The song won three awards at the 42nd Annual GRAMMY Awards in 2000 (Record of the Year, Song of the Year and Best Pop Collaboration with Vocals), where Shur took the stage with Thomas to accept Song of the Year. And, while he says they later hit up “all the parties” to celebrate, their moment of glory in the press room was upstaged by Jennifer Lopez and that dress -- the deep-plunging, green Versace gown, which remains one of the singer’s most memorable fashion moments.

“I had just won Song of the Year and afterwards you go backstage into the press room and in front of me was Jennifer Lopez and P. Diddy and she was wearing that famous green dress,” Shur recalls. “She wasn’t up for any awards, but she presented, then walked through the press room and it was just this big explosion of flashes. Then I walk in and they go, ‘What are you here for?’ I think maybe two flashes went off. I was pretty unamazing after her.

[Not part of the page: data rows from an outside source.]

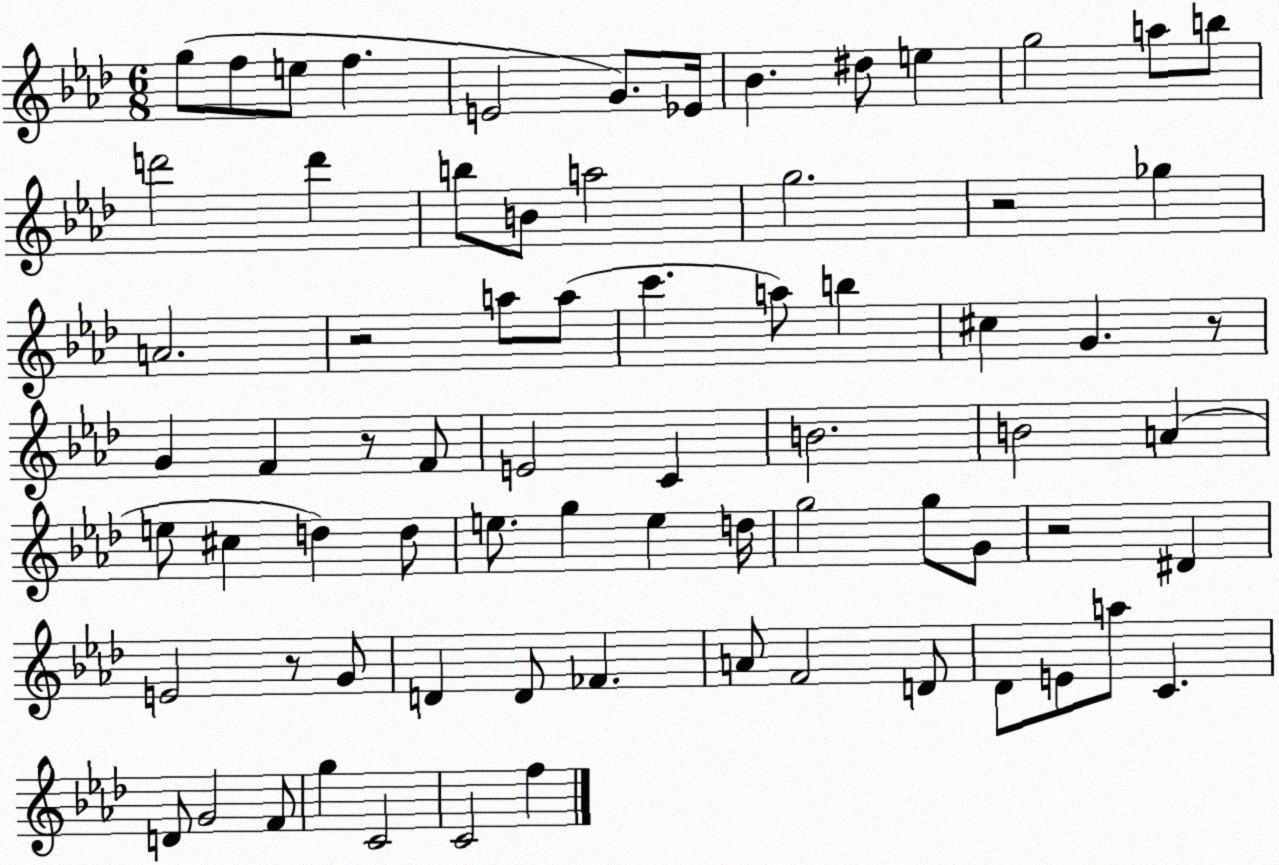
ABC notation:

X:1
T:Untitled
M:6/8
L:1/4
K:Ab
g/2 f/2 e/2 f E2 G/2 _E/4 _B ^d/2 e g2 a/2 b/2 d'2 d' b/2 B/2 a2 g2 z2 _g A2 z2 a/2 a/2 c' a/2 b ^c G z/2 G F z/2 F/2 E2 C B2 B2 A e/2 ^c d d/2 e/2 g e d/4 g2 g/2 G/2 z2 ^D E2 z/2 G/2 D D/2 _F A/2 F2 D/2 _D/2 E/2 a/2 C D/2 G2 F/2 g C2 C2 f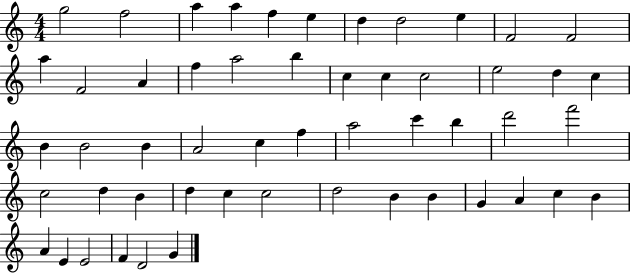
{
  \clef treble
  \numericTimeSignature
  \time 4/4
  \key c \major
  g''2 f''2 | a''4 a''4 f''4 e''4 | d''4 d''2 e''4 | f'2 f'2 | \break a''4 f'2 a'4 | f''4 a''2 b''4 | c''4 c''4 c''2 | e''2 d''4 c''4 | \break b'4 b'2 b'4 | a'2 c''4 f''4 | a''2 c'''4 b''4 | d'''2 f'''2 | \break c''2 d''4 b'4 | d''4 c''4 c''2 | d''2 b'4 b'4 | g'4 a'4 c''4 b'4 | \break a'4 e'4 e'2 | f'4 d'2 g'4 | \bar "|."
}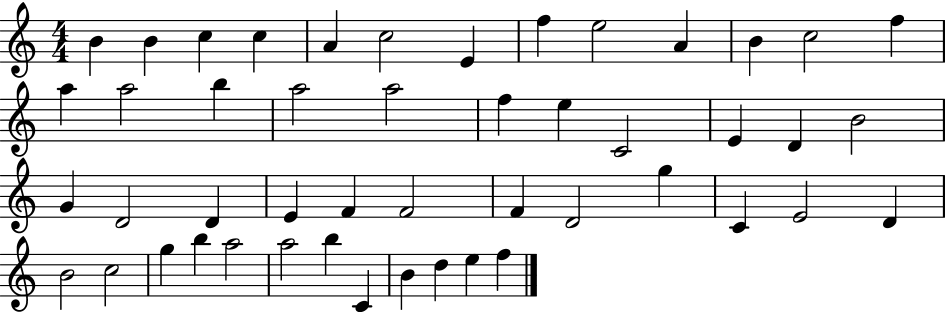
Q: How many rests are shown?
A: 0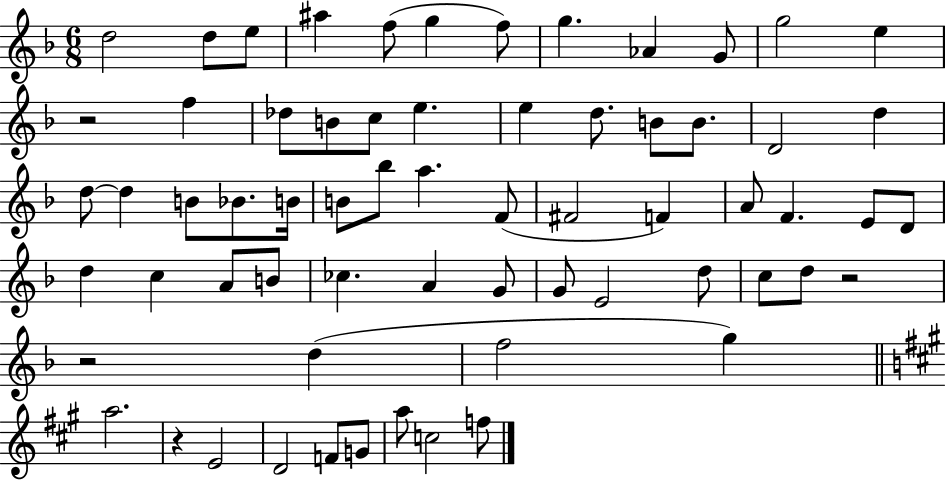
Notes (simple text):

D5/h D5/e E5/e A#5/q F5/e G5/q F5/e G5/q. Ab4/q G4/e G5/h E5/q R/h F5/q Db5/e B4/e C5/e E5/q. E5/q D5/e. B4/e B4/e. D4/h D5/q D5/e D5/q B4/e Bb4/e. B4/s B4/e Bb5/e A5/q. F4/e F#4/h F4/q A4/e F4/q. E4/e D4/e D5/q C5/q A4/e B4/e CES5/q. A4/q G4/e G4/e E4/h D5/e C5/e D5/e R/h R/h D5/q F5/h G5/q A5/h. R/q E4/h D4/h F4/e G4/e A5/e C5/h F5/e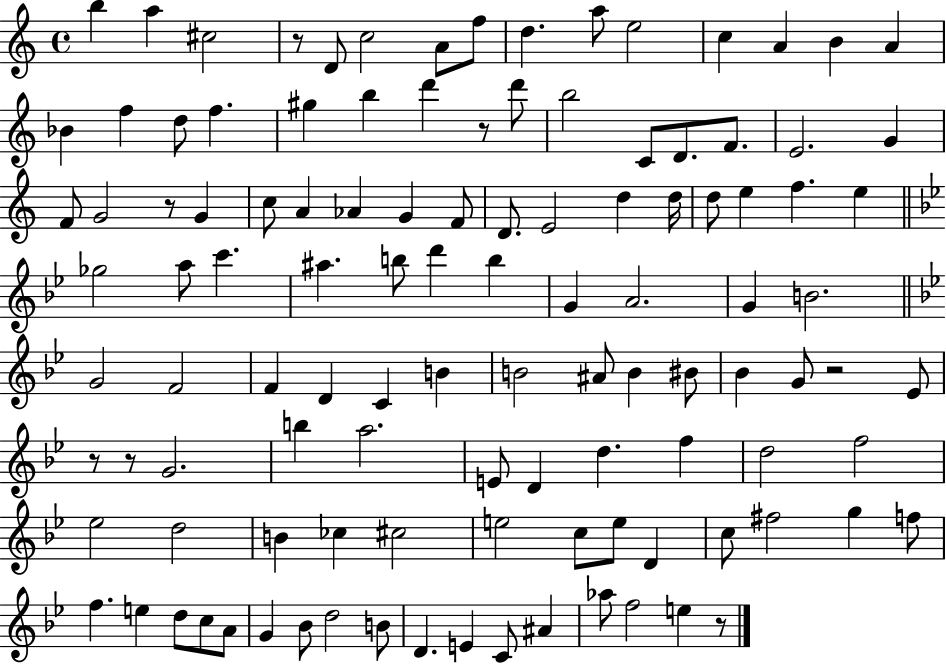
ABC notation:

X:1
T:Untitled
M:4/4
L:1/4
K:C
b a ^c2 z/2 D/2 c2 A/2 f/2 d a/2 e2 c A B A _B f d/2 f ^g b d' z/2 d'/2 b2 C/2 D/2 F/2 E2 G F/2 G2 z/2 G c/2 A _A G F/2 D/2 E2 d d/4 d/2 e f e _g2 a/2 c' ^a b/2 d' b G A2 G B2 G2 F2 F D C B B2 ^A/2 B ^B/2 _B G/2 z2 _E/2 z/2 z/2 G2 b a2 E/2 D d f d2 f2 _e2 d2 B _c ^c2 e2 c/2 e/2 D c/2 ^f2 g f/2 f e d/2 c/2 A/2 G _B/2 d2 B/2 D E C/2 ^A _a/2 f2 e z/2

Even with the Song of the Year award, you can’t follow Jennifer Lopez!”

Songwriter, Itaal Shur, musicians Rob Thomas and Carlos Santana, and music executive Clive Davis at the 2000 GRAMMY Awards. - Scott Gries/ImageDirect

GRAMMY grudges

The song's Record of the Year win meant a loss in the category for TLC’s “No Scrubs,” Cher’s “Believe,” Ricky Martin’s “Livin’ la Vida Loca” and the Backstreet Boys’ “I Want It That Way,” written by Max Martin and Andreas Carlsson -- something Shur would get gibed about years later. “I went to a dinner in Sweden two years ago and sat next to Max Martin and he said, ‘Yeah man -- you stole the GRAMMY away from us because I wrote ‘I Want It That Way!’” Shur shares. “It was pretty funny when he said that.” Martin wasn’t the only one peeved that “I Want It That Way” missed out, with some Backstreet Boys fans begrudging “Smooth” to this day. Yet, the award couldn’t come between Thomas and the boy band.

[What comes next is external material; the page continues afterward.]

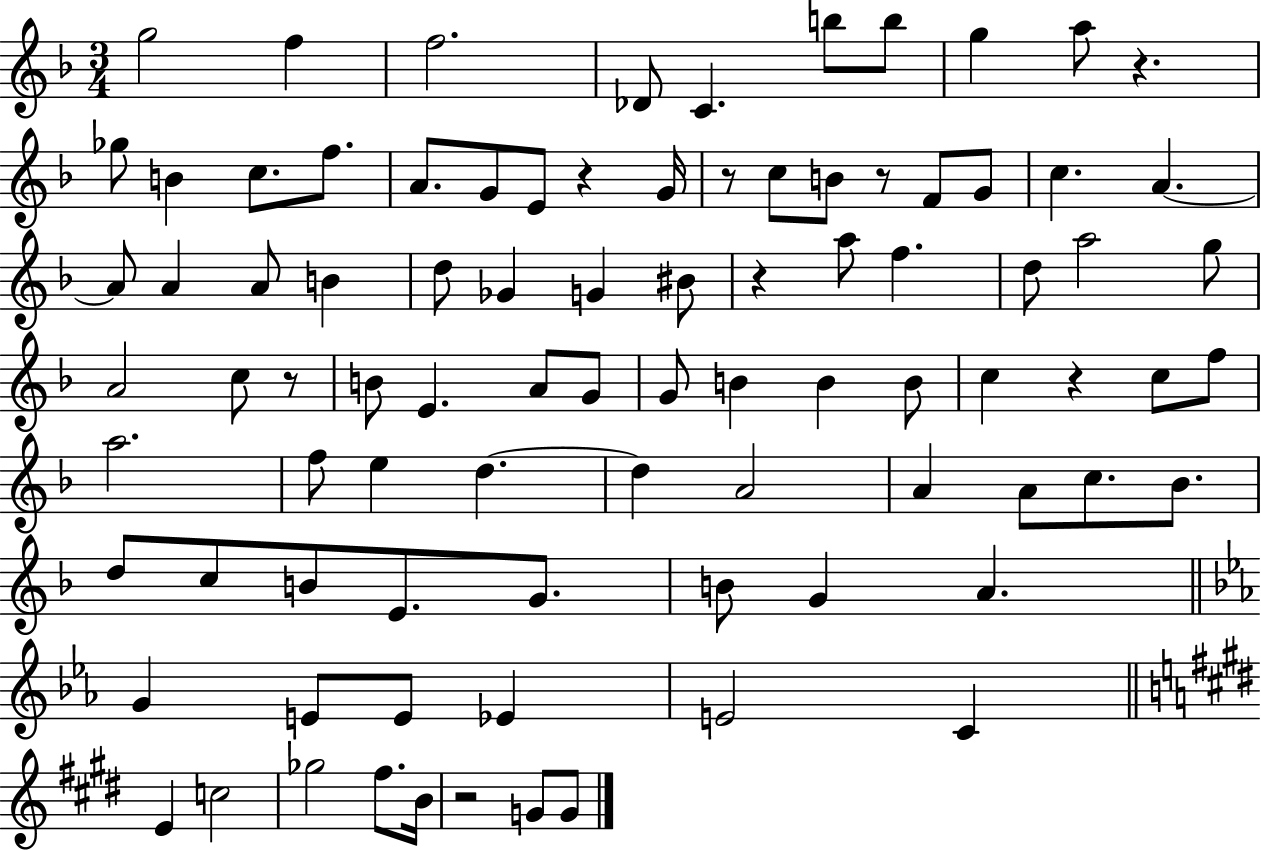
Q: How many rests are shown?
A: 8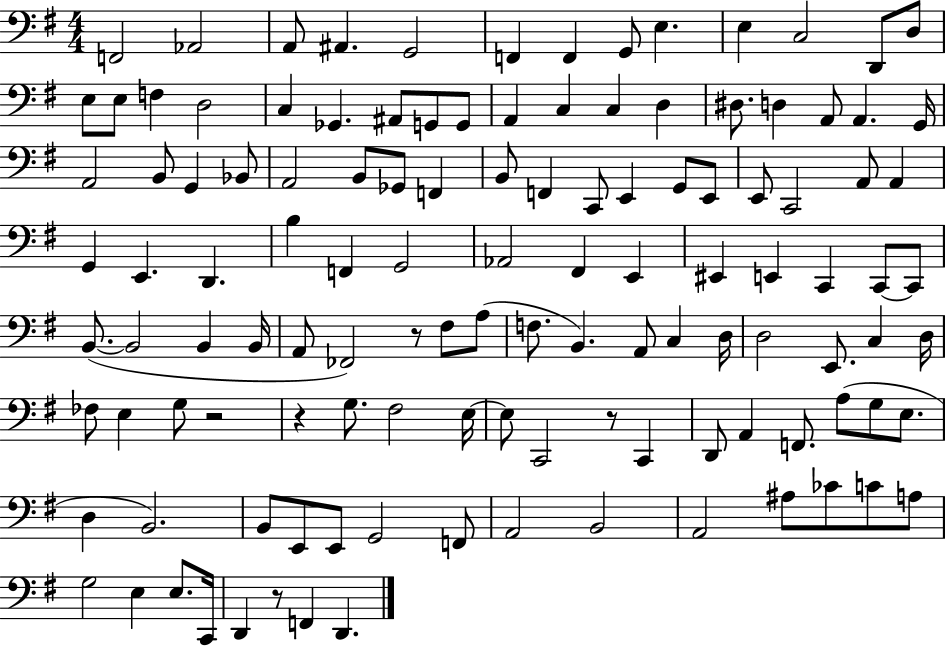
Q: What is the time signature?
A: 4/4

“There was no love lost at all,” says Leigh Dorough, wife of Backstreet Boy Howie Dorough. “Howie and I had a chance to hang and really get to know Rob and his wife Marisol a few years back at the Kentucky Derby. We developed a friendship -- they are truly an amazing couple.”

Meanwhile, Thomas posted multiple tweets celebrating the Backstreet Boys’ recent DNA album release. Two decades later, the Backstreet Boys will kick off the American leg of their DNA World Tour in Washington, D.C., on July 12, the same night that Thomas stops by the nation's capital on his Chip Tooth Smile tour -- and both acts will be performing the smash singles that got them nominated for 1999’s Record of the Year.

A sweet bromance 

While Santana may have had his doubts about Thomas 20 years ago, today the two couldn’t be closer. “Carlos and I were up the other night until three in the morning texting each other, sending pictures of our album covers and going back and forth about stuff we’re excited about,” says Thomas, who also remains close with Serletic and Davis. “The friendship has stayed very strong over the years. Having both him and Clive Davis as mentors is invaluable and to have the friendship on top of that is awesome.”

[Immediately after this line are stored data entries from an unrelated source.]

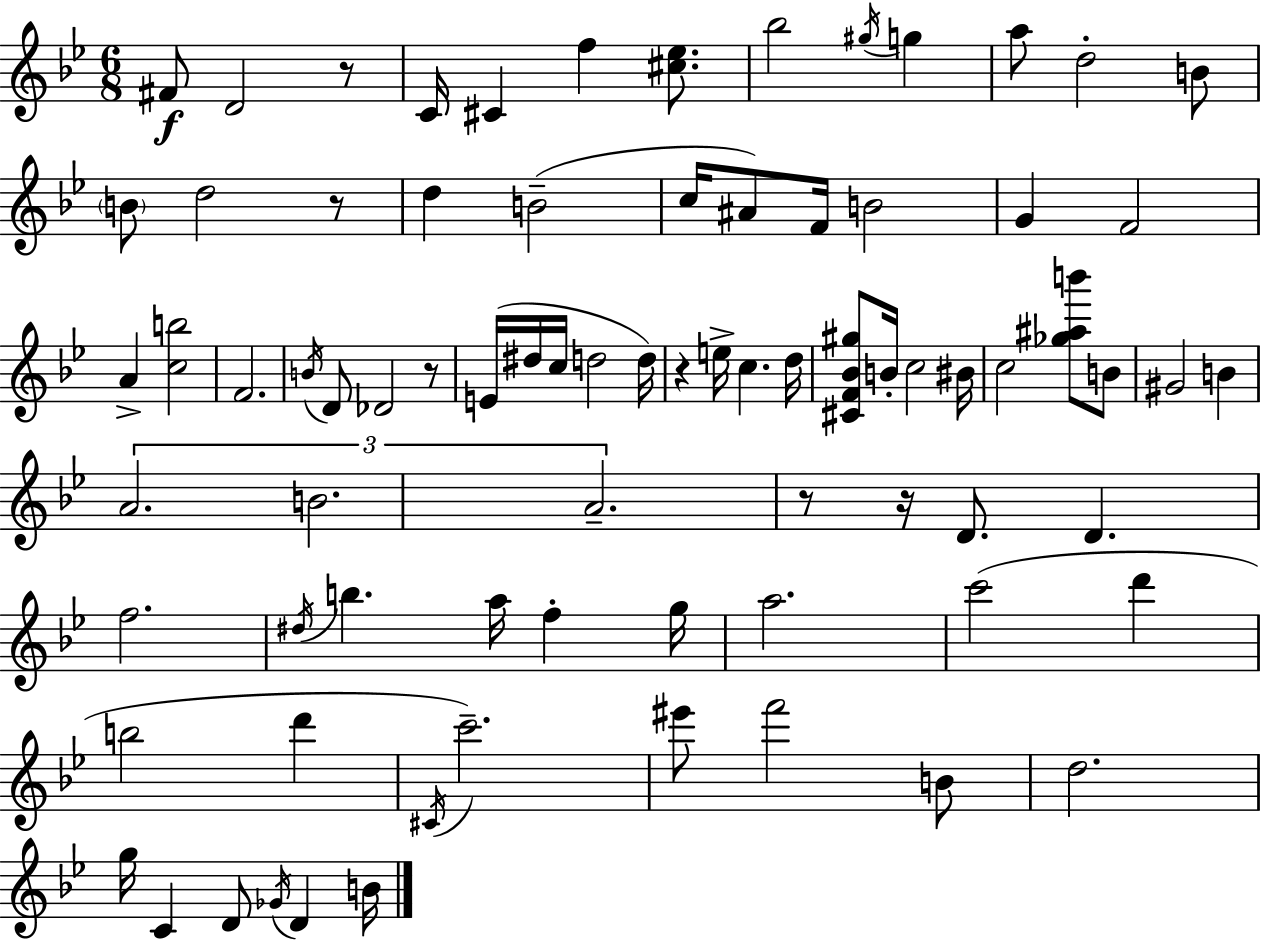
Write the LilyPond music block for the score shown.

{
  \clef treble
  \numericTimeSignature
  \time 6/8
  \key g \minor
  fis'8\f d'2 r8 | c'16 cis'4 f''4 <cis'' ees''>8. | bes''2 \acciaccatura { gis''16 } g''4 | a''8 d''2-. b'8 | \break \parenthesize b'8 d''2 r8 | d''4 b'2--( | c''16 ais'8) f'16 b'2 | g'4 f'2 | \break a'4-> <c'' b''>2 | f'2. | \acciaccatura { b'16 } d'8 des'2 | r8 e'16( dis''16 c''16 d''2 | \break d''16) r4 e''16-> c''4. | d''16 <cis' f' bes' gis''>8 b'16-. c''2 | bis'16 c''2 <ges'' ais'' b'''>8 | b'8 gis'2 b'4 | \break \tuplet 3/2 { a'2. | b'2. | a'2.-- } | r8 r16 d'8. d'4. | \break f''2. | \acciaccatura { dis''16 } b''4. a''16 f''4-. | g''16 a''2. | c'''2( d'''4 | \break b''2 d'''4 | \acciaccatura { cis'16 }) c'''2.-- | eis'''8 f'''2 | b'8 d''2. | \break g''16 c'4 d'8 \acciaccatura { ges'16 } | d'4 b'16 \bar "|."
}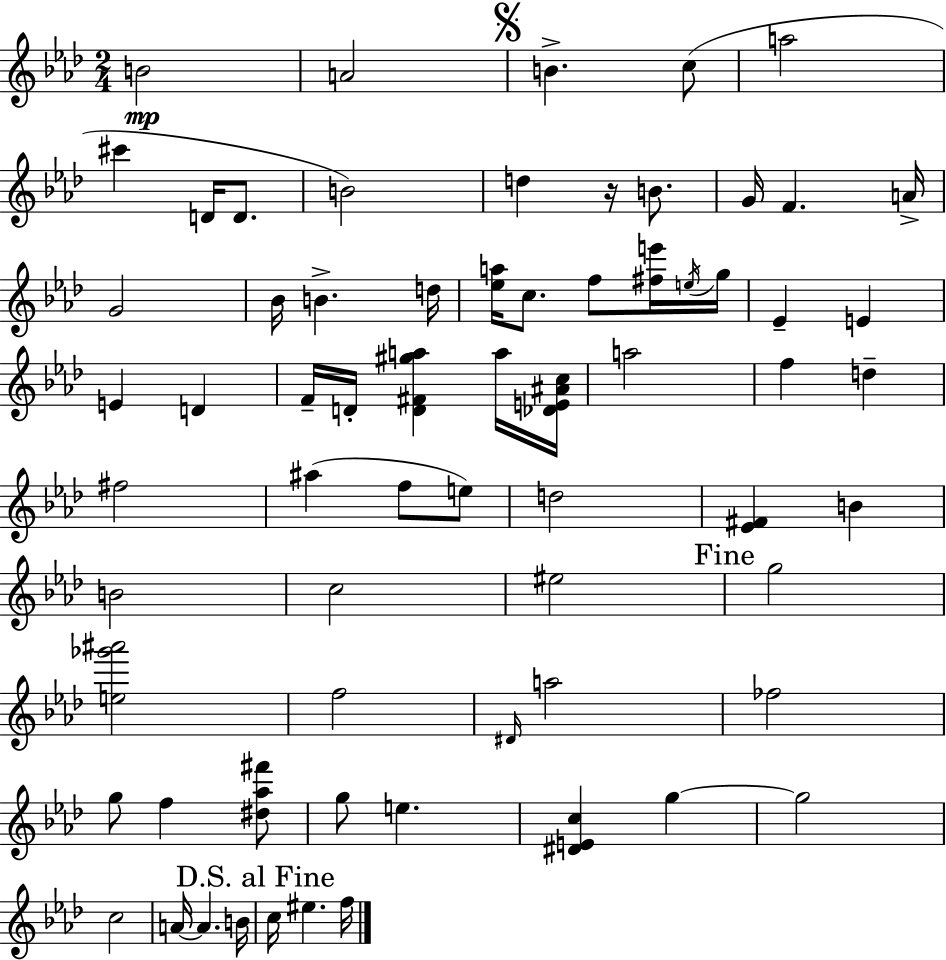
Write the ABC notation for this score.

X:1
T:Untitled
M:2/4
L:1/4
K:Fm
B2 A2 B c/2 a2 ^c' D/4 D/2 B2 d z/4 B/2 G/4 F A/4 G2 _B/4 B d/4 [_ea]/4 c/2 f/2 [^fe']/4 e/4 g/4 _E E E D F/4 D/4 [D^F^ga] a/4 [_DE^Ac]/4 a2 f d ^f2 ^a f/2 e/2 d2 [_E^F] B B2 c2 ^e2 g2 [e_g'^a']2 f2 ^D/4 a2 _f2 g/2 f [^d_a^f']/2 g/2 e [^DEc] g g2 c2 A/4 A B/4 c/4 ^e f/4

Thomas gushed further about Santana during his recent Chip Tooth Smile tour show at L.A.’s Greek Theater, explaining how the legend regularly checks in on him. “He’ll be like, ‘Where you at?’ and I’ll say, ‘I’m at The Greek in Los Angeles,'" Thomas told a packed crowd which included Hilary Duff, Malin Akerman, Ryan McPartlin and Bachelor Nation couple Ashley Iaconetti and Jared Haibon. “And, every time he asks me the same question. He says, ‘Did you bring your gratitude?’ And, the truth is, I look out here and I see people from six to 65 -- I see 20 years of our life going by here, from Matchbox and solo -- I see a lot of love that keeps coming my way, man, and it means everything to me, so I have my gratitude and I brought it and I give it to you tonight. So, this song ['Smooth'] goes out for you and Uncle Carlos.”

Days later, the two celebrated the song’s anniversary at the Phoenix, Arizona, stop of Santana and The Doobie Brothers' Supernatural Now tour, where Thomas surprised the audience by joining Santana on stage for a performance of “Voodoo Child” before coming back for a highly anticipated “Smooth” reunion.

“We’re both touring and we’re on different schedules but we want to do a couple of shows together, so we’re going to do what we can to make it work,” Thomas told ET before arranging the performance.